For example, I'm not terribly skilled in Haskell but I believe the ST monad
has to be managed manually by the programmer. You do get a pocket of
mutability that allows you to constrain state to a particular scope, but that
pocket has to be manually defined by the programmer, and internal to that
state the programmer's still responsible for ensuring that any concurrency
relating to the mutable data is handled in a thread-safe manner.

As far as freezing/thawing, again I'm no expert but I believe it doesn't work
quite the same way as what's being described in the paper.
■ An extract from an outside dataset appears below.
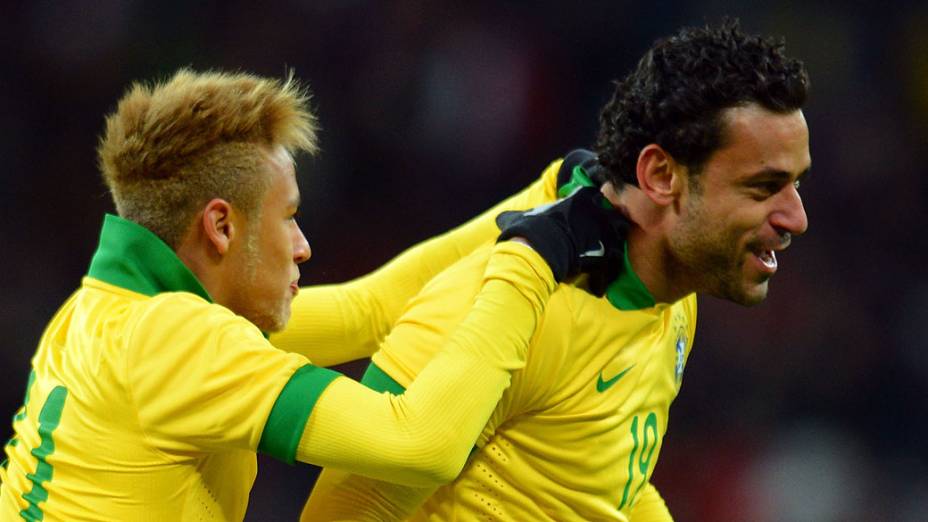 Fred comemora após marcar gol de empate no amistoso entre Brasil e Inglaterra em Wembley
Freezing an array
in Haskell doesn't involve taking an existing array and declaring that its
contents can no longer be modified; instead the freeze operation creates and
returns an immutable copy of the array. (Same for thaw.) There are also
unsafeFreeze and unsafeThaw which don't do that, but they really are unsafe.
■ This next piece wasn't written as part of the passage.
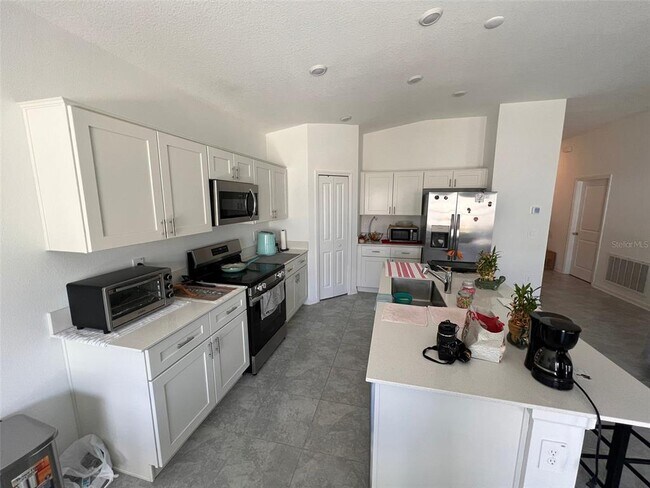 Foto del edificio - 1406 Deepwater Cir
The unsafeFreeze operation doesn't take away your MArray, and that MArray
happens to be pointing to the same storage as the Array. Unless there's
something else going on in there I don't know about, that's a situation for
which the word 'unsafe' is an understatement.
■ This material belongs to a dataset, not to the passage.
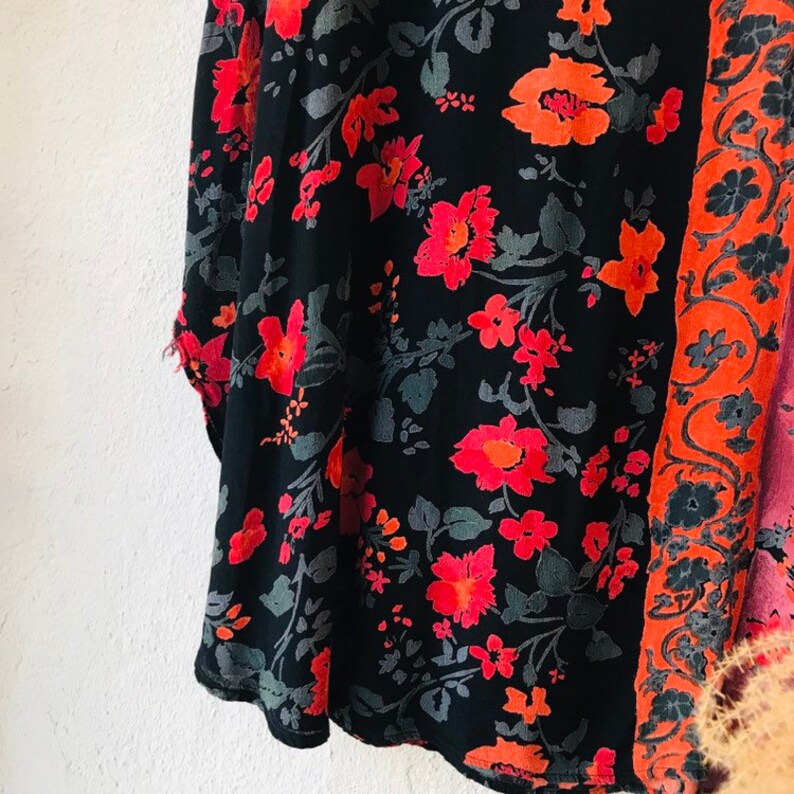 Vintage Floral Striped Rayon Batwing Kaftan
Perhaps there are other facilities in Haskell I don't understand which are
able to do what this C# extension does, and not just doing different things
that happen to be describable using similar language. If so I'd be really
interested to see them. And really curious to know why there hasn't been more
interest in them thus far.

------
bunderbunder
As far as the practical value of an auto-parallelizing compiler goes, I'd like
to see it before I believe it. I've got no doubt that the compiler is pulling
it off. But with how young the technology is, I'd be downright amazed if
they've got something that can reliably outdo what a knowledgeable human can
manage with a reasonable amount of effort. Not that I wouldn't like to see
things get to that point.

For now, though, what's really interesting to me is the idea of language-level
support for managing mutability. I agree with the author that that's something
that both functional and imperative languages have generally fail to provide
much help with. And I think there really is a need for language-level support
for it. It's always possible to pass in a mutable subtype or a non-pure
function as an argument to a procedure at run-time. So without some way to
say, "This parameter requires pure arguments," it may not even be possible for
a programmer to verify that a module can, e.g., cope with concurrency in code
that uses any degree of inversion of control.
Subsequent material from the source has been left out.